姜知月回忆着小时候,她刚开始学老师会握住她的手,带着一起写字。于是她也采用同样的方式。
只是情况稍微有点不同,她这个做老师的缩在他怀里,因为他个子太大了,她不能像自己老师那样从外面包围;手也是,她包裹不住他的手,所以常规的内外顺序也倒置过来。
稀里糊涂调整成现在这个姿势,姜知月总觉得哪里不对。“分什么神?"罗德里克指腹摩挲了下她的手背,在她耳边低声,“快开始上课,老师。”
姜知月回过思绪,用手肘捅了下他的腰,让他别乱叫。虽然这课不是她自愿上的,但学生偏要学,她只好哄哄自己拿出一点耐心,让他握稳笔,跟着她一撇一捺认真写。才写了“大”和"小"两个字,他就又开始说,这两个字太简单。姜知月无语得没了脾气,“那你写个复杂的给我看看?”她手上松了劲儿,罗德里克握着她,提笔。姜知月一开始没上心,料他写不出什么名堂,不画出些乱七八糟的线条就算他厉害。
手里被带着写了好几笔,姜知月低头去看,渐渐觉出一些不对劲。汉字渐渐成型,他写的是,知月。
“怎么样?"罗德里克收锋,侧头问她,“我写得好不好?”姜知月还在匪夷所思。
“不是,“她反应过来,微微挣着他的手,……你写这个干嘛。”“写我喜欢的字,会更有练习的动力。”
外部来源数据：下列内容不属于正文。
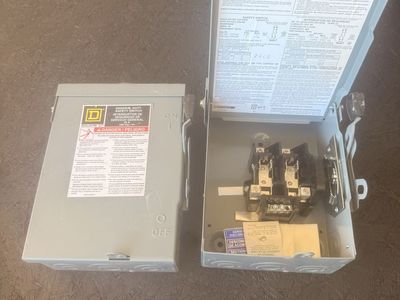 Square D D222N Safety Disconnect Switch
姜知月真想捂住耳朵,不听他这些蛊惑人心的鬼话。“少来,"她的手还是被他攥在掌心里,没办法,她只能在假装正经地督促他,“接着练,换几个字。”
等了半天,罗德里克没动。
于是她忍不住催,“你动动啊,除了这几个字不会写了?”罗德里克对答如流,“不会了。”
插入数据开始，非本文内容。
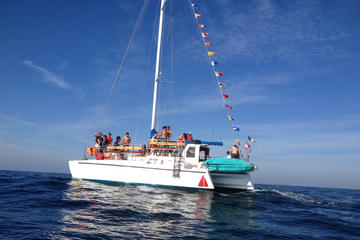 Private Catamaran Bay and Island Snorkel Adventure in Mazatlan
“我想写自己的名字,"他下巴在她的肩头扫了扫,气息洒到她耳朵里,“你教我一下。”
姜知月怀疑他怀揣私心。
谁要写他的名字,她摇头说不要,说站着写这么久,腿也酸手也酸,她要休息了。
罗德里克拿空的手臂从后面揽着她,哄,就这最后几个字,等写完了,就有人叫他们下去吃晚饭了。
于是姜知月带着他,写了罗德里克四个字。并无侍从上楼传达用餐的动静,她又写了罗德里克·卡斯德伊,最后还写了罗德里克·菲利普·卡斯德伊。
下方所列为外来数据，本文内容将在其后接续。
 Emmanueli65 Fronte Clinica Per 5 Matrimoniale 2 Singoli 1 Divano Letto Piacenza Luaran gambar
贪得无厌的法兰西鬼佬,连写个名字能让她吃亏,以后真的再也不信他的话了。
晚餐的时候,为了表达对他得寸进尺的不满,姜知月觉得自己有必要对他爱答不理十分钟。
但罗德里克又在问她话,她不好一个字都不说,就只是嗯”,“哦"。雷蒙老人家在一旁古怪地盯着他们。
看到姜知月视线看过来,他意识到自己举止不妥,轻咳一声,恢复优雅的站姿,目不斜视。
姜知月忍不住一笑,罗德里克帮她把菜夹到碗里,“笑什么?”她跟他悄悄指了指雷蒙。
“你说他看我做什么?是不是我无所顾忌的用餐方式又让他浑身难受了?”罗德里克睨了一眼老管家,重新低眸瞧她,勾唇,“他大概不是在看这个。”
“那他在看什么?”
姜知月看着他,眨了眨眼,想知道答案。
罗德里克盯着她,低笑一声。
“他大概在看某只高冷的波斯猫。”
姜知月一愣,反应过来,在桌下踢他一脚。“别随便损我。”
她低头吃菜,突然想到一个事,跟他说一声,“我的直系学姐在奥地利办了个人工作室,我准备去她那边观摩学习一下,明后天启程。”这事提得突然,罗德里克沉默了会儿,跟她说了注意安全。他没什么异议,姜知月心情好,告诉他就去两三天。这个事情说完,她想起自己给自己规定的十分钟应该还没有结束,于是坚持原则,恢复简短回复模式。